As filed with the Securities and Exchange Commission on June 10, 2009 | Registration No. 333- |
UNITED STATES
SECURITIES AND EXCHANGE COMMISSION
Washington, D.C. 20549
FORM S-8
Registration Statement Under
The Securities Act of 1933
FUQI INTERNATIONAL, INC.
(Exact name of registrant as specified in its charter)
Delaware (State or other jurisdiction of incorporation or organization) | | 20-1579407 (I.R.S. Employer Identification No.) |
| | |
5/F., Block 1, Shi Hua Industrial Zone,
Cui Zhu Road North, Shenzhen, 518019,
People’s Republic of China
(Address of principal executive offices)
86 (755) 2580-1888
(Registrant’s telephone number, including area code)
Fuqi International, Inc. 2009 Omnibus Incentive Plan
(Full Title of the plans)
Corporation Service Company
2711 Centerville Road
Suite 400
Wilmington, DE 19808
800-222-2122
(Name, Address, and Telephone Number, Including Area Code, of Agent for Service)
Copies to:
Thomas J. Poletti, Esq.
Anh Q. Tran, Esq.
K&L Gates LLP
10100 Santa Monica Boulevard
Seventh Floor
Los Angeles, CA 90067
Telephone: (310) 552-5000
Facsimile: (310) 552-5001
Indicate by check mark whether the registrant is a large accelerated filer, an accelerated filer, a non-accelerated filer, or a smaller reporting company. See the definitions of “large accelerated filer,” “accelerated filer” and “smaller reporting company” in Rule 12b-2 of the Exchange Act. (Check one):
| | |
Large accelerated filer ¨ | | Accelerated filer x |
Non-accelerated filer ¨ | | Smaller reporting company ¨ |
(Do not check if a smaller reporting company) | | |
CALCULATION OF REGISTRATION FEE
Title of Securities to be Registered | Amount to be Registered (1) | Proposed Maximum Offering Price per Share | Proposed Maximum Aggregate Offering Price | Amount of Registration Fee |
Common Stock, $0.001 par value per share | 1,506,324 shares | $13.99(2) | $21,073,473(2) | $1,175.90 |
Common Stock, $0.001 par value per share | 268,588 shares | $5.93(3) | $1,592,727(3) | $88.87 |
Common Stock, $0.001 par value per share | 1,525,088 shares | $13.99(2) | $21,335,981(2) | $1,190.55 |
Total Registration Fee | | | | $2,455.32(4) |
(1) | Pursuant to Rule 416(a) under the Securities Act of 1933, as amended (the “Securities Act”), this Registration Statement shall also cover any additional shares of the Registrant’s Common Stock that become issuable under the 2009 Omnibus Incentive Plan by reason of any stock dividend, stock split, recapitalization or other similar transaction effected without the receipt of consideration that increases the number of the Registrant’s outstanding Common Stock. |
(2) | Estimated solely for the purpose of calculating the registration fee pursuant to Rule 457(c) and (h).
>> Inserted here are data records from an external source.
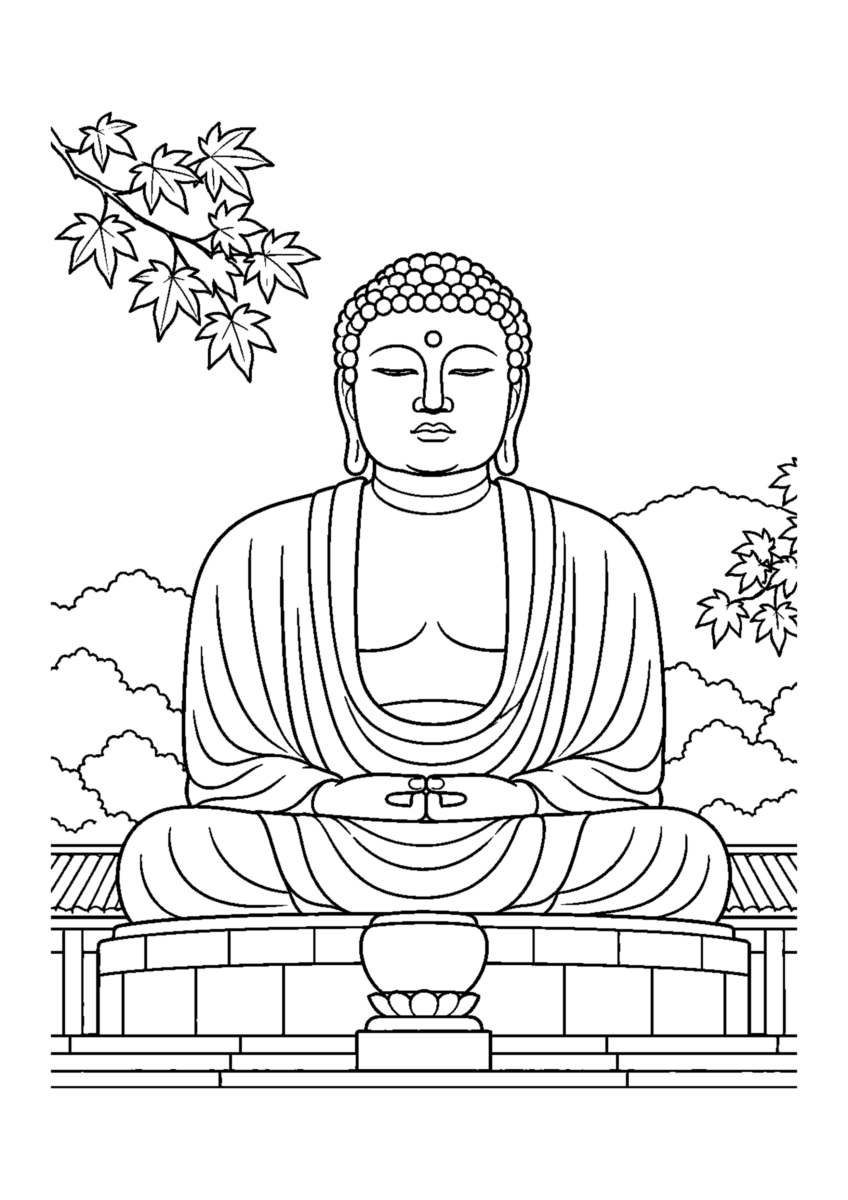 鎌倉大仏を主役に、晩秋の季節感が伝わる自然な一場面を描いた高齢者向けの白黒塗り絵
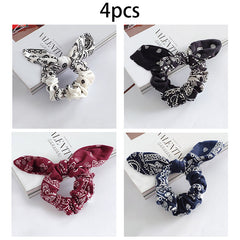 Paisley Print Large Satin Scrunchie with Rabbit Ears for Women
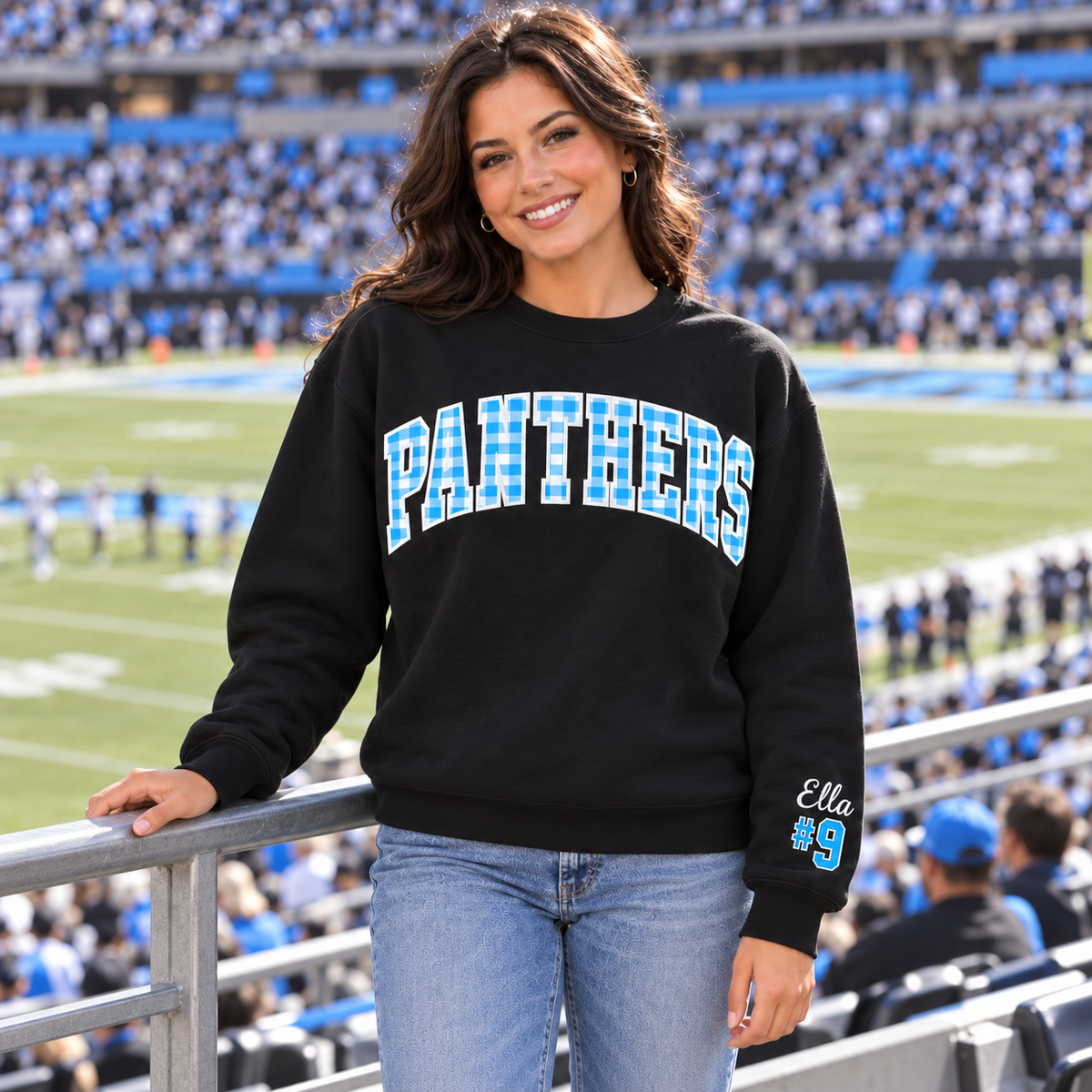 Custom Embroidered Gingham Football Sweatshirt, Personalized Football Girlfriend Crewneck, Sleeve Name Number, Varsity Game Day Gift for Her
The fee is calculated on the basis of the average of the high and low prices for the Registrant’s Common Stock reported on the NASDAQ Global Market on June 3, 2009. |
(3) | Estimated solely for the purpose of calculating the registration fee pursuant to Rule 457(h). The fee is calculated on the basis of the weighted average exercise price of the outstanding options under the 2009 Omnibus Incentive Plan. |
(4) | In accordance with Instruction E of Form S-8, in addition to the 1,774,912 new shares of the Registrant’s common stock being registered hereunder, the Registrant hereby carries forward, and this Registration Statement shall be deemed to apply to 1,525,088 shares of the Registrant’s common stock previously registered, but not used, under a Registration Statement on Form S-8 (File No. 333-152554) filed by the Registrant on July 25, 2008 (the “2007 Equity Incentive Plan Registration Statement”) registering shares of the Registrant’s common stock to be offered under the Registrant’s 2007 Equity Incentive Plan. In conjunction with the filing of this Registration Statement, the Registrant is filing a Post-Effective Amendment to the 2007 Equity Incentive Plan Registration Statement acknowledging the transfer of shares to this Registration Statement. |
(5) | Aggregate registration fees of $824.82 were paid in connection with the shares of the Registrant’s common stock registered under the 2007 Equity Incentive Plan Registration Statement on July 25, 2008, of which $531.47 is applied hereto. See footnote 4. As a result, the total registration fee due and payable with this registration statement is $1,923.85, which has been paid with the filing herewith. |
Fuqi International, Inc.
Registration Statement on Form S-8
PART I
INFORMATION REQUIRED IN THE SECTION 10(a) PROSPECTUS
As permitted by the rules of the Securities and Exchange Commission (the “SEC”), this registration statement omits the information specified in Part I of Form S-8. The documents containing the information specified in Part I of this registration statement has been sent or given to eligible employees as specified in Rule 428(b) promulgated under the Securities Act of 1933, as amended. Such documents are not being filed with the Commission either as part of this registration statement or as prospectuses or prospectus supplements pursuant to Rule 424 of the Securities Act.
PART II
INFORMATION REQUIRED IN THE REGISTRATION STATEMENT
Item 3. | Incorporation of Documents by Reference. |
Fuqi International, Inc. (the “Registrant”) hereby incorporates by reference in this Registration Statement the following documents and information filed by the Registrant with the SEC:
· | The Registrant’s Annual Report on Form 10-K/A as filed with the SEC on May 12, 2009. |
· | The Registrant’s Annual Report on Form 10-K as filed with the SEC on March 31, 2009. |
· | The Registrant’s Quarterly Report on Form 10-Q as filed with the SEC on May 15, 2009. |
· | The Registrant’s Current Report on Form 8-K as filed with the SEC on June 4, 2009. |
· | The description of the Registrant’s Common Stock contained in the Registrant’s Registration Statement on Form 8-A, as amended (File No. 001-33758), including any amendment or report filed for the purpose of updating such description. |
Any statement contained herein or made in a document incorporated or deemed to be incorporated by reference herein shall be deemed to be modified or superseded for purposes of this Registration Statement to the extent that a statement contained herein, or in any other subsequently filed document which also is incorporated or deemed to be incorporated by reference herein, modifies or supersedes such statement. Any such statement so modified or superseded shall not be deemed, except as so modified or superseded, to constitute a part of this Registration Statement.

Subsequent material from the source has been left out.